The event will feature celebrity players in front of a live audience prior to each night's unveiling of the SIGGRAPH Computer Animation Festival, with Atari's Asteroids and Tempest, and LucasArts' Star Wars comprising the title line-up.
"Playing these classic games like they've never been seen before is the perfect nod to the early days of the video games industry as well as to the early days of computer graphics," said Paul Debevec, SIGGRAPH 2007 Computer Animation Festival Chair from the University of Southern California Centers for Creative Technologies.
The games will be played through the arcade machines' original microcode via a specially-customized arcade emulator built by Matt Polak from Cleveland-based Raven Systems Design.

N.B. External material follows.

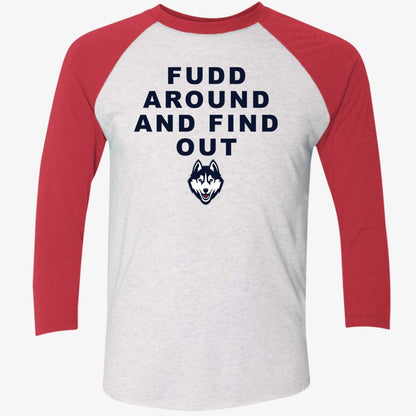 Katie Fudd Fudd Around And Find Out Shirt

The customizations convert the game's original vector lists into laser beam motions, while the light is supplied by San Jose-based Novalux's high-powered color laser system and aimed into a special dual-scanner mirror system assembled by Steve Heminover of Chicago-based Aura Technologies.
Celebrity players include Jim Blinn (renowned computer scientist who is widely known for his work at NASA's Jet Propulsion Laboratory), Ken Perlin (Academy Award Winner for Scientific and Technical Achievement), Glenn Entis (SVP, Chief Visual and Technical Officer, Electronic Arts), and John Knoll (Industrial Light & Magic Visual Effects Supervisor on the Star Wars prequels, the Pirates of the Caribbean series and Academy Award Winner for Pirates of the Caribbean: Dead Man's Chest).
Nightly tickets to the pre-show video game event and the Computer Animation Festival are available to the public at the door of the San Diego Civic Center for $50.
"It's a thrill to be able to start the show with faithful, larger-than-life versions of the games that helped attract so many of the SIGGRAPH audience to the field of computer graphics," Debevec said.